Records to process START
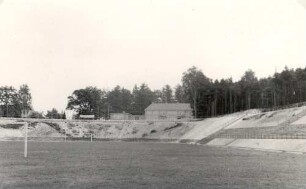 Helmut-Just-Sportstadion in Keula : Sportowy stadion "Helmut Just" w Kiju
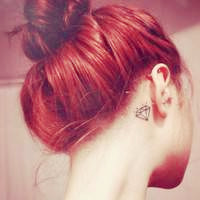 锁骨纹身超拽女生头像图片大全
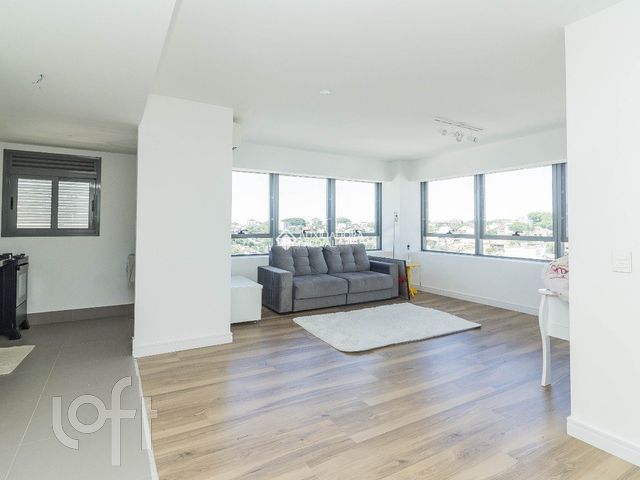 Apartamento com 60m², 1 dormitório, 1 suíte, 2 vagas, Chácara das Pedras em Porto Alegre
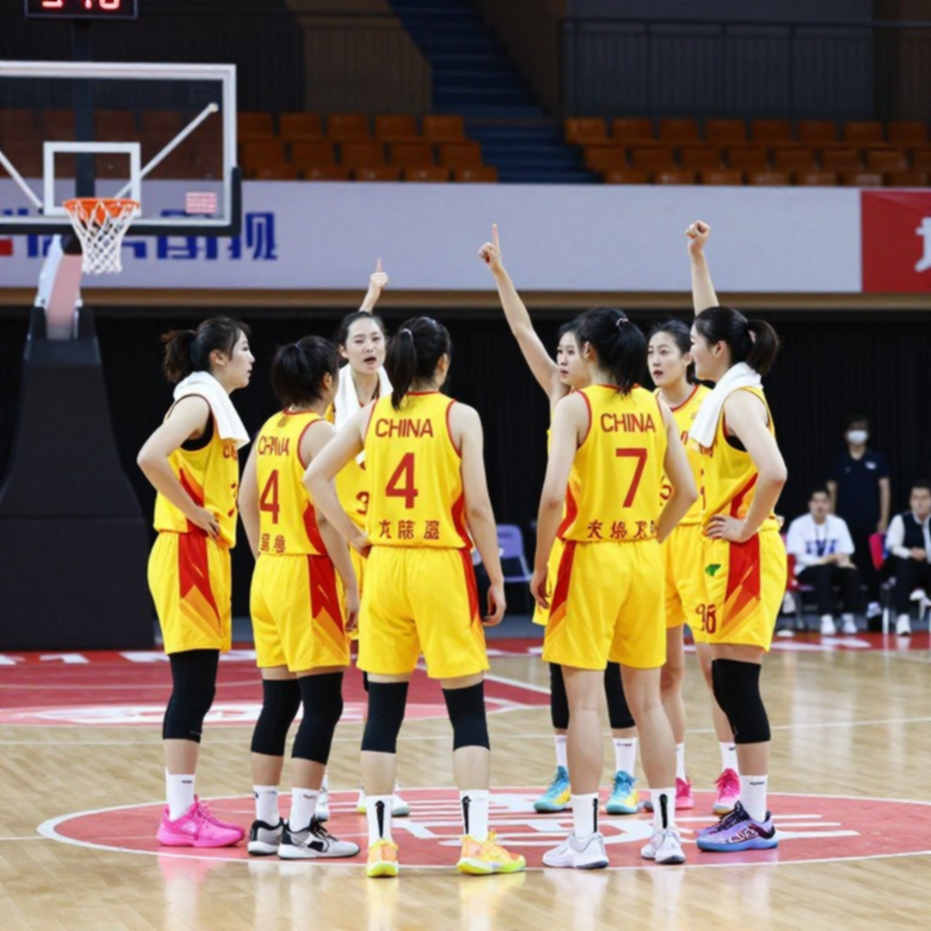 Vietnam U16 lose 2-4 to Australia U16: four goals conceded in 38 minutes and the space behind the midfield line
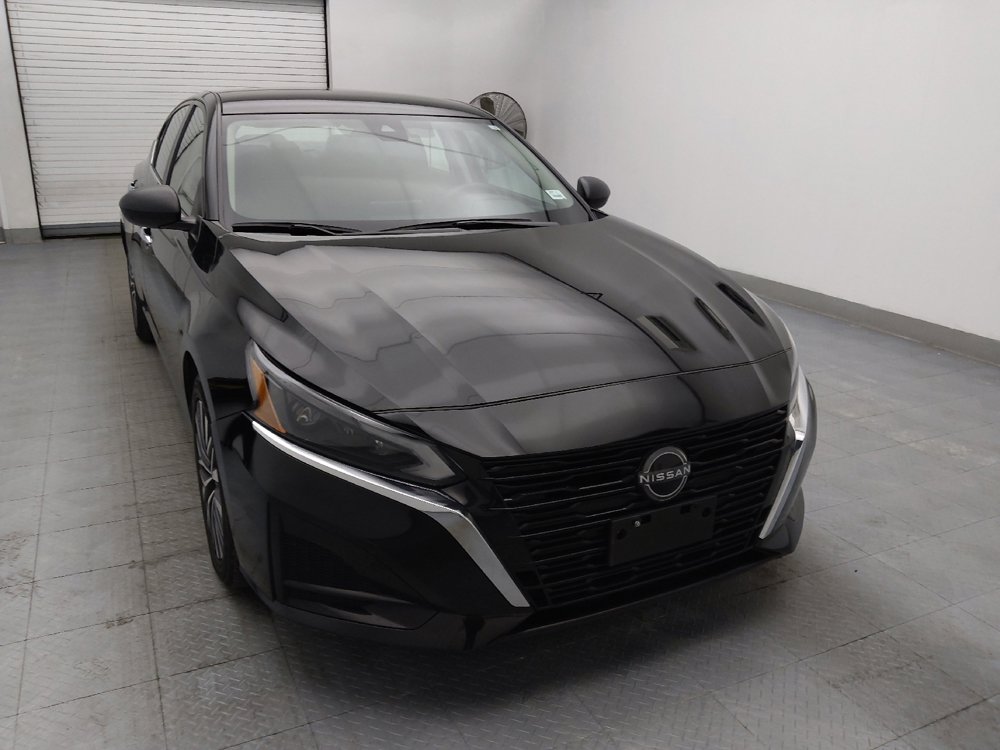 Used 2024 Nissan Altima 2.5 SV image 14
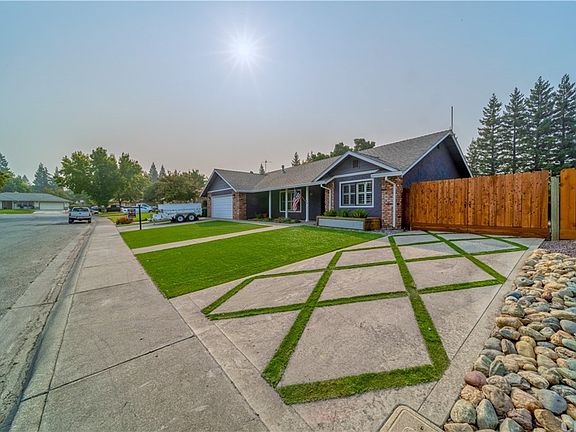 3rd image of 21 Betsey Way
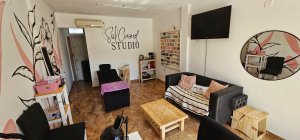 Commercial Premises for Sale with Land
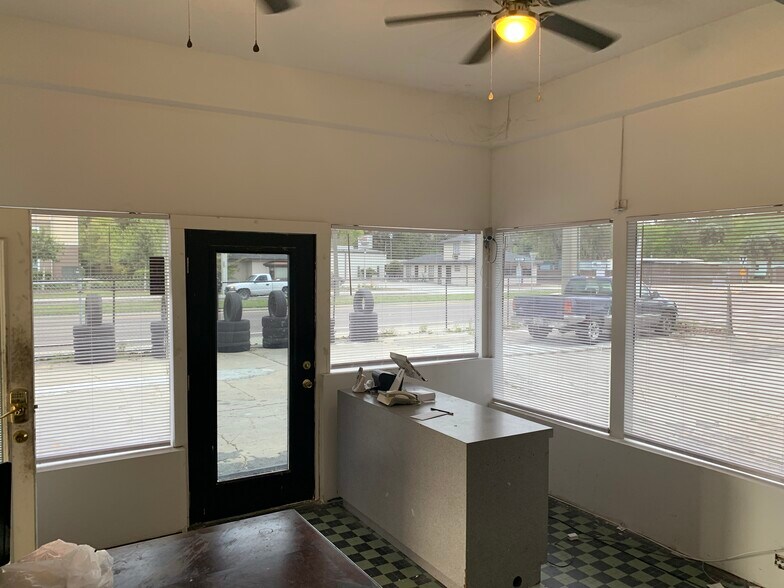 More Photos Of 5106 N Main St, Jacksonville Service Station For Sale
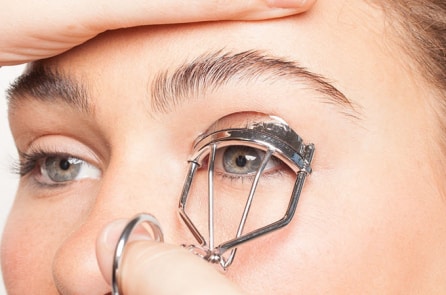 Theo chuyên gia, loại bấm mi nào là tốt nhất?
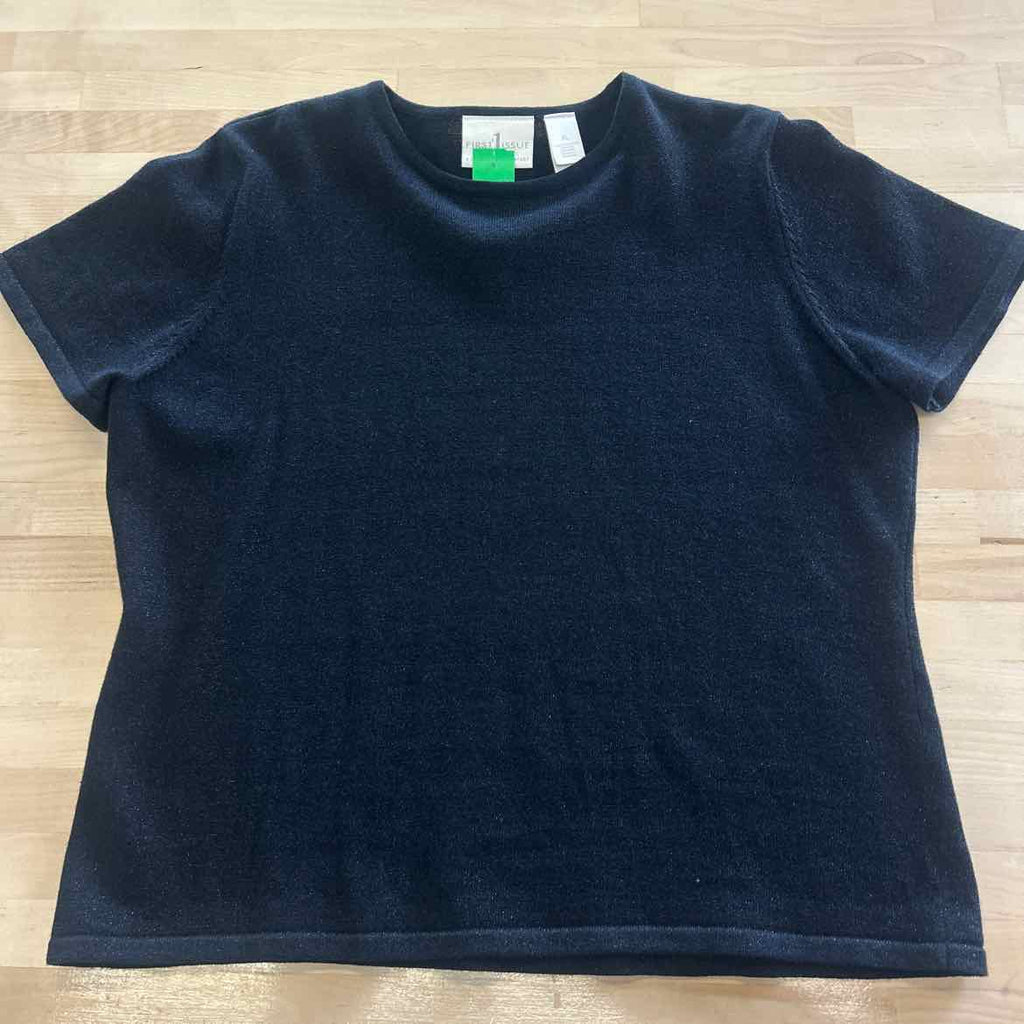First Issue Size XL Black Preloved T-Shirt SS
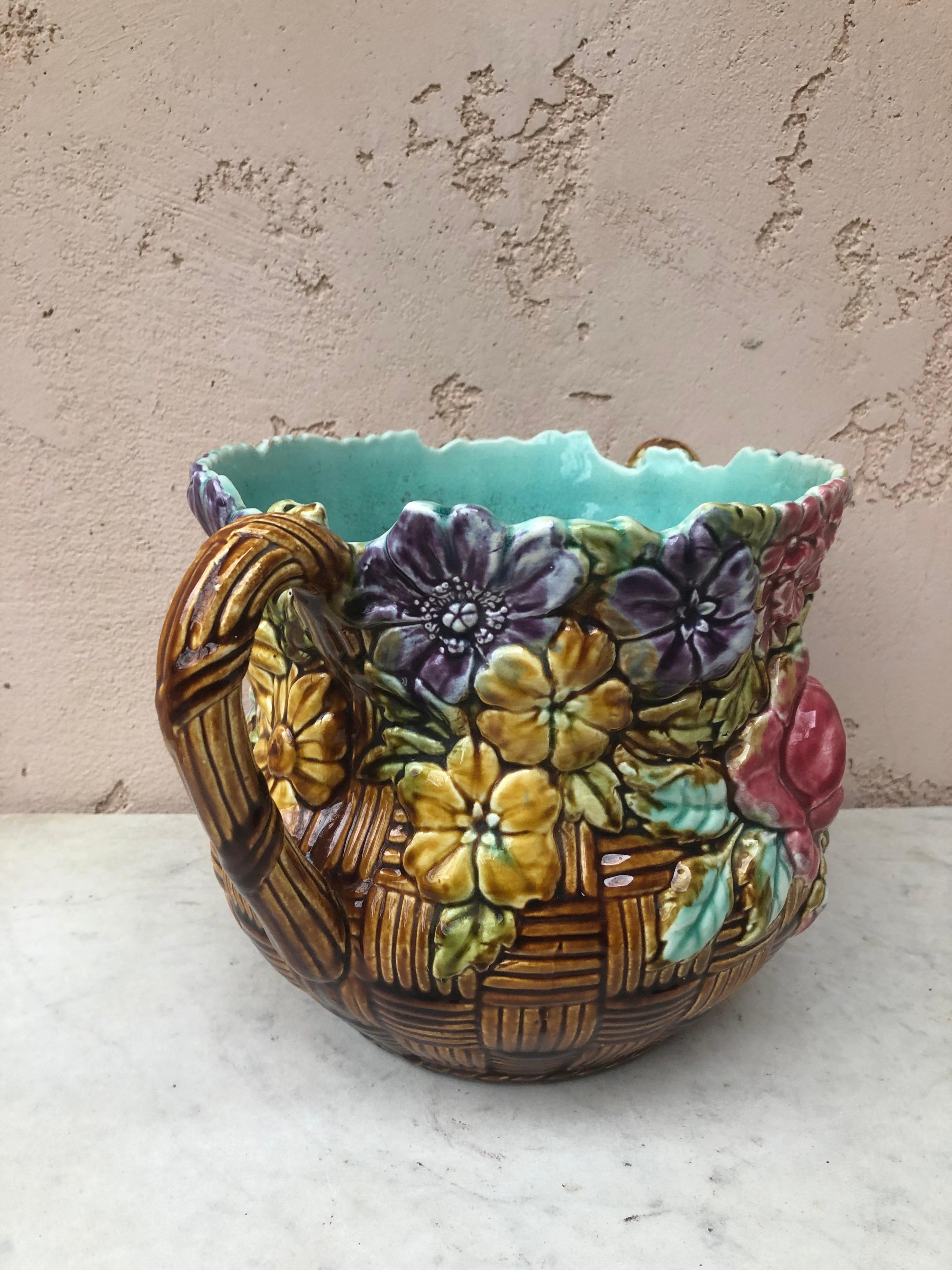 French Majolica Jardinière with Flowers Onnaing, circa 1890 In Good Condition For Sale In Austin, TX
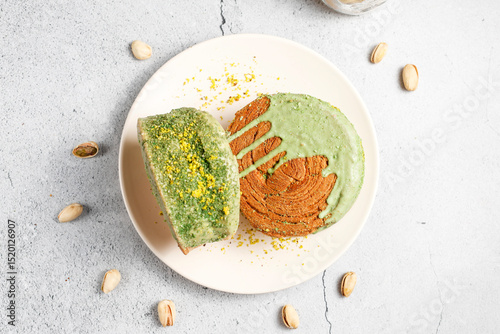 New york roll with pistachio and dubai chocolate filing.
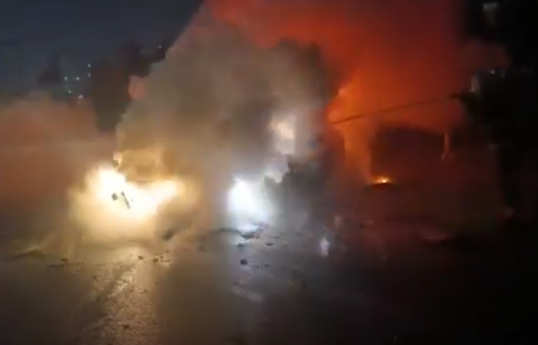 Masazırda iki maşın toqquşandan sonra yanğın olub, ölən var - VİDEO 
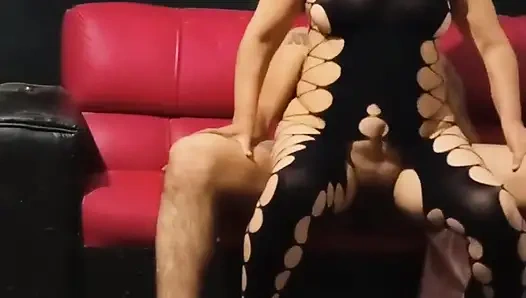 Topuklu Iç Çamaşırı Giymiş Zengin Bir Seks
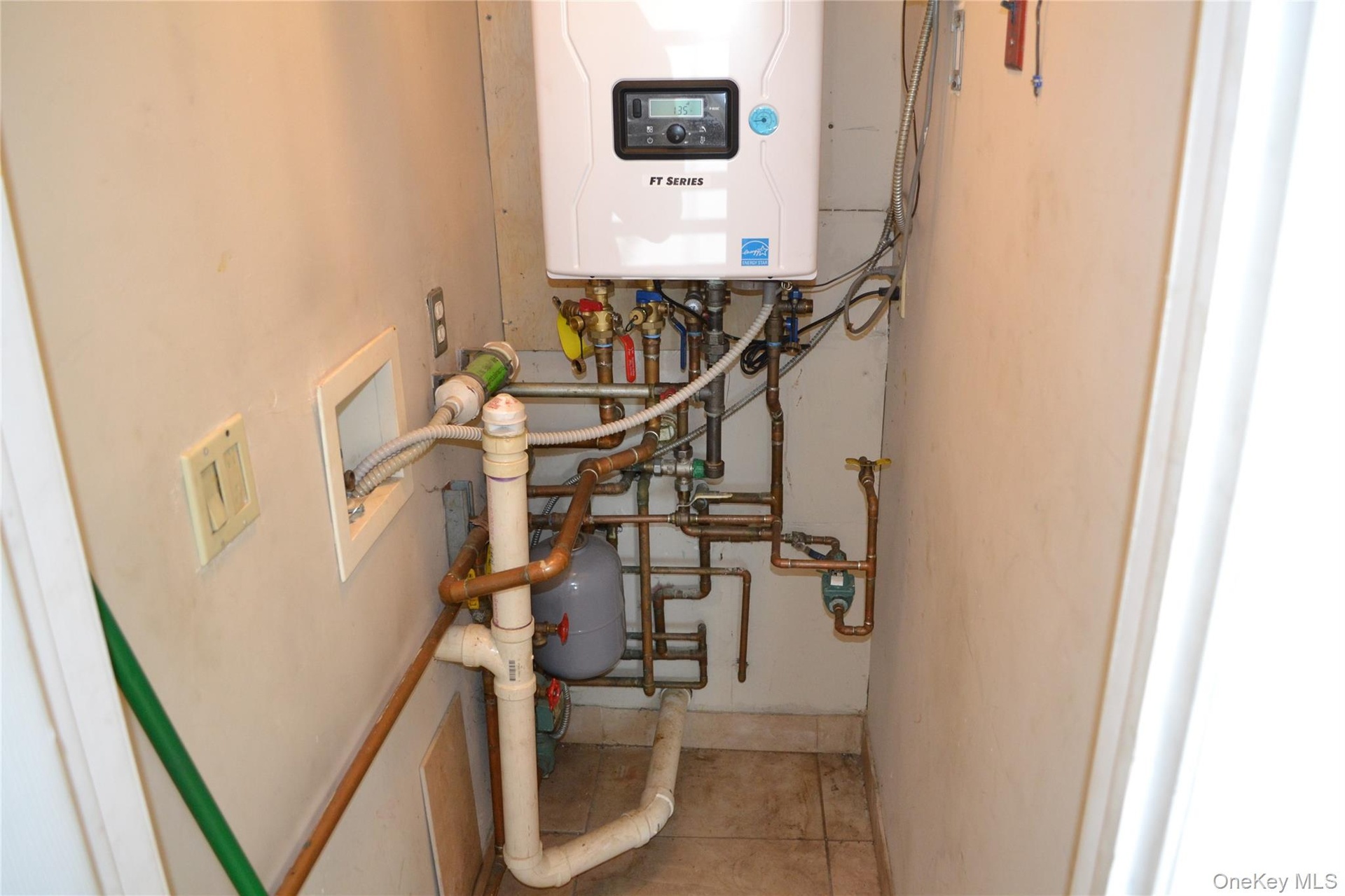 1BR boiler unit with Washer dyer room ups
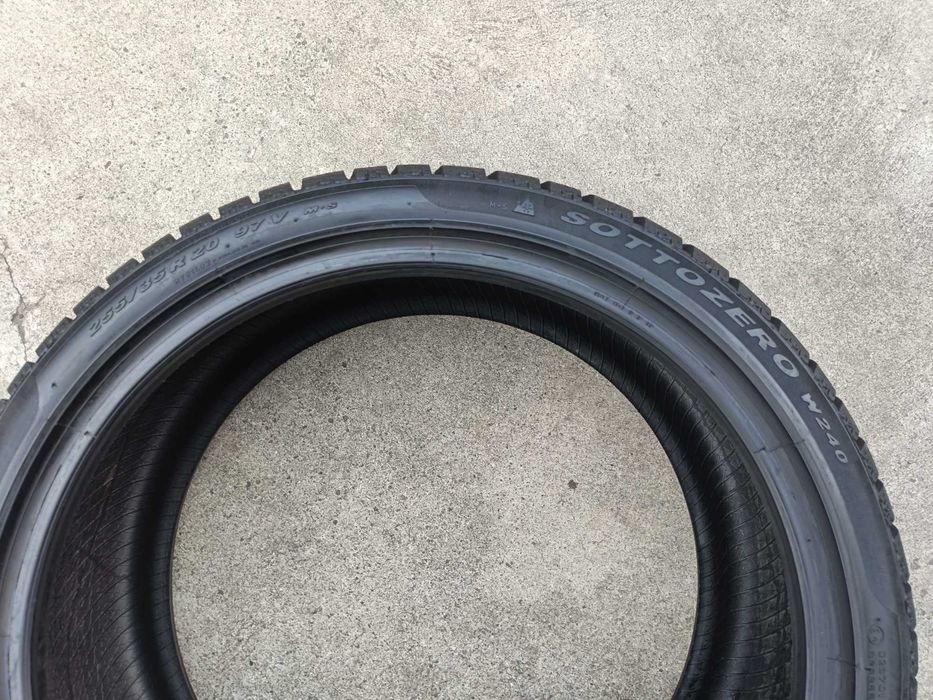 Doua anvelope iarna 255 35 20 pirelli sottozero 2 profil de 7,8 mm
Records to process END
◆ **Directions**: Go through the entries above and write them out again exactly, images left behind.

◆ **Response**:
 Helmut-Just-Sportstadion in Keula : Sportowy stadion "Helmut Just" w Kiju
 锁骨纹身超拽女生头像图片大全
 Apartamento com 60m², 1 dormitório, 1 suíte, 2 vagas, Chácara das Pedras em Porto Alegre
 Vietnam U16 lose 2-4 to Australia U16: four goals conceded in 38 minutes and the space behind the midfield line
 Used 2024 Nissan Altima 2.5 SV image 14
 3rd image of 21 Betsey Way
 Commercial Premises for Sale with Land
 More Photos Of 5106 N Main St, Jacksonville Service Station For Sale
 Theo chuyên gia, loại bấm mi nào là tốt nhất?
First Issue Size XL Black Preloved T-Shirt SS
 French Majolica Jardinière with Flowers Onnaing, circa 1890 In Good Condition For Sale In Austin, TX
 New york roll with pistachio and dubai chocolate filing.
 Masazırda iki maşın toqquşandan sonra yanğın olub, ölən var - VİDEO 
 Topuklu Iç Çamaşırı Giymiş Zengin Bir Seks
 1BR boiler unit with Washer dyer room ups
 Doua anvelope iarna 255 35 20 pirelli sottozero 2 profil de 7,8 mm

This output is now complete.